Work order:
This exercise calls for every line of the data below with the string "Image" in it.

^^^^^^^^

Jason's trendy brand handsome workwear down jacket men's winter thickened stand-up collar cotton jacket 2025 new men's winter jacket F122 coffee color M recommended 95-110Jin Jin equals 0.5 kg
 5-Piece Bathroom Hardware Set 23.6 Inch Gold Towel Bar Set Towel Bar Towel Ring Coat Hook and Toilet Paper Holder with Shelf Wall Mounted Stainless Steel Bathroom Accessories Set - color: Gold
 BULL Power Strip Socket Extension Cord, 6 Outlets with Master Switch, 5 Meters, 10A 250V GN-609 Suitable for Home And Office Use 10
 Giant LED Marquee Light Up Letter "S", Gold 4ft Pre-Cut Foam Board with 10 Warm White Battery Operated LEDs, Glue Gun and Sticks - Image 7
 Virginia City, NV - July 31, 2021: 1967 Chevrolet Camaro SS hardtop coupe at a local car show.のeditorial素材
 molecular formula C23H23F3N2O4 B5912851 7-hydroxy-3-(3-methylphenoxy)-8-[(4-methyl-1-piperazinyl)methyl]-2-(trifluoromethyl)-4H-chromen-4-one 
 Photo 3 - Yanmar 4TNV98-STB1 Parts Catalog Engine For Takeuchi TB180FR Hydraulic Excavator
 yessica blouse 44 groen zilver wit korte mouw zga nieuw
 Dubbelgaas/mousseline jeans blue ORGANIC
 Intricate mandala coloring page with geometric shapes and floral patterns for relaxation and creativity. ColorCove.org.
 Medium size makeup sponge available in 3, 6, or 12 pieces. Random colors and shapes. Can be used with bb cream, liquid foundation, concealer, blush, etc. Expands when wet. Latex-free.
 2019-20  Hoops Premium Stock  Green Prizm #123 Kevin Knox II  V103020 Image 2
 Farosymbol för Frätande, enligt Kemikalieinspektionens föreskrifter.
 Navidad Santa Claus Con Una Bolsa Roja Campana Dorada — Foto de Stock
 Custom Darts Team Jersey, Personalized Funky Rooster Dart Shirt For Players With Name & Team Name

^^^^^^^^

Result of the task:
 Giant LED Marquee Light Up Letter "S", Gold 4ft Pre-Cut Foam Board with 10 Warm White Battery Operated LEDs, Glue Gun and Sticks - Image 7
 2019-20  Hoops Premium Stock  Green Prizm #123 Kevin Knox II  V103020 Image 2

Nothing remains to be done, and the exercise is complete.